RLHF vs DPO: A Quick Preview¶
Before we wrap up, I should mention there’s actually an alternative to RLHF that’s become very popular: DPO (Direct Preference Optimization).
Remember how RLHF requires four models and a complex training loop? DPO achieves similar results with just two models and a much simpler process. It’s kind of like the difference between building a custom race car (RLHF) versus buying a sports car off the lot (DPO)—both get you speed, but one requires a lot more work.
| Aspect | RLHF with PPO | DPO |
|---|---|---|
| Models needed | 4 (policy, reference, reward, value) | 2 (policy, reference) |
| Training stages | 3 (SFT → Reward Model → RL) | 2 (SFT → DPO) |
| Complexity | High | Low |
| Memory requirements | Very high | Moderate |
| Flexibility | Can experiment with rewards | Fixed objective |
We’ll cover DPO in detail later. For now, just know it exists and is often the practical choice for teams without massive compute budgets.
Summary: What We’ve Learned¶
Okay, let’s recap because we covered a lot:
RLHF (Reinforcement Learning from Human Feedback) is a technique for teaching language models not just to follow instructions, but to follow them well.

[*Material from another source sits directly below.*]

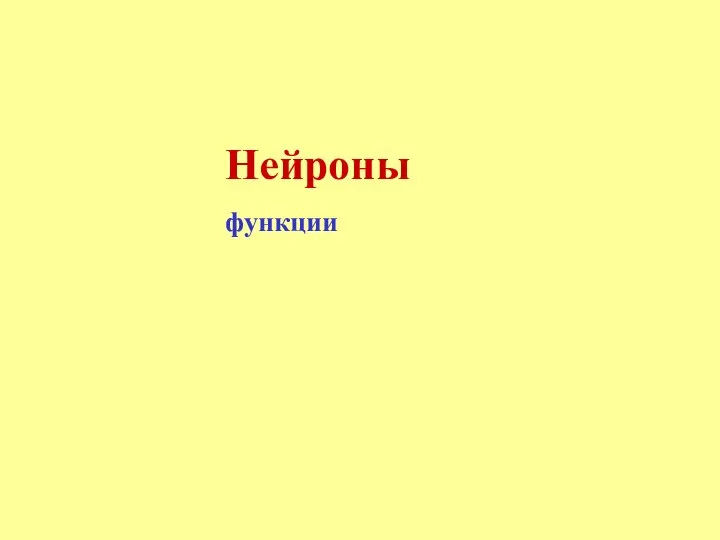 Нейроны функции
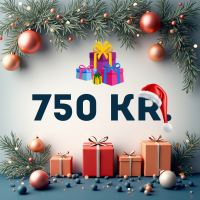Gaver under 750 kr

It’s the difference between compliance and excellence.
The three stages:
SFT — Teach the model to follow instructions (covered in earlier notebooks)
Reward Model — Train a model to recognize quality (also covered earlier)

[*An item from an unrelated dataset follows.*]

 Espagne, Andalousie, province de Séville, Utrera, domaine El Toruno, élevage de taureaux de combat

RL Training — Use rewards to improve the policy (what this notebook is about)
PPO (Proximal Policy Optimization) is the algorithm we use for stage 3. The key ideas:
Policy = the model’s strategy for generating text
Proximal = make small, careful updates (don’t change too much at once)

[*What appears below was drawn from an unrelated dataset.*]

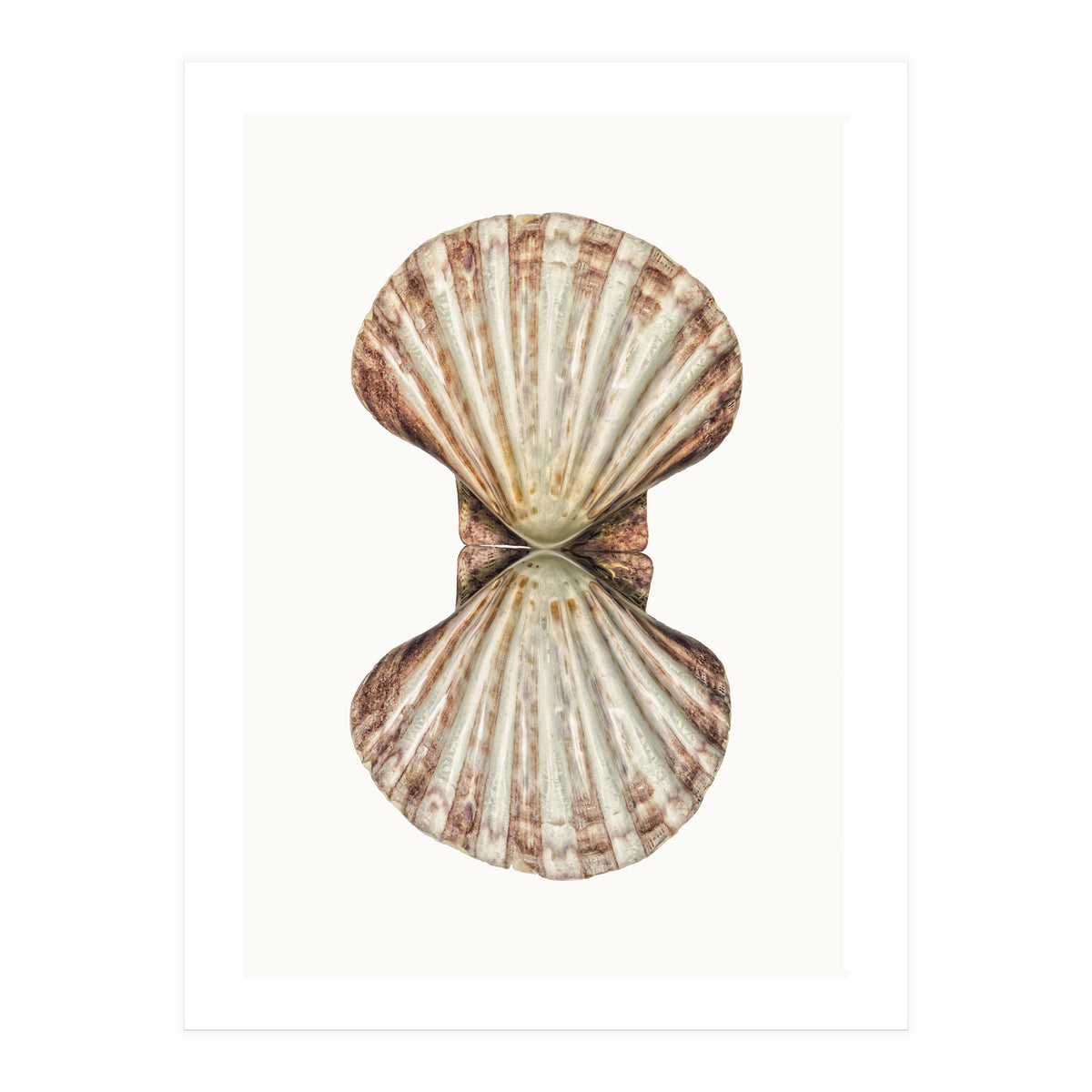 Cc Shell 06 (Print Only)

Optimization = get better at generating high-reward responses
The four models:
Policy Model — What we’re training
Reference Model — Frozen copy to prevent drift
Reward Model — Scores responses (frozen)
Value Network — Predicts expected rewards (helps learning)
KL divergence keeps the policy from drifting too far from the reference. Without it, models can “hack” the reward by finding weird outputs that score well but are actually terrible.
In the next notebooks, we’ll dive deeper into the PPO algorithm itself, see the actual training loop, and understand the math behind why it works.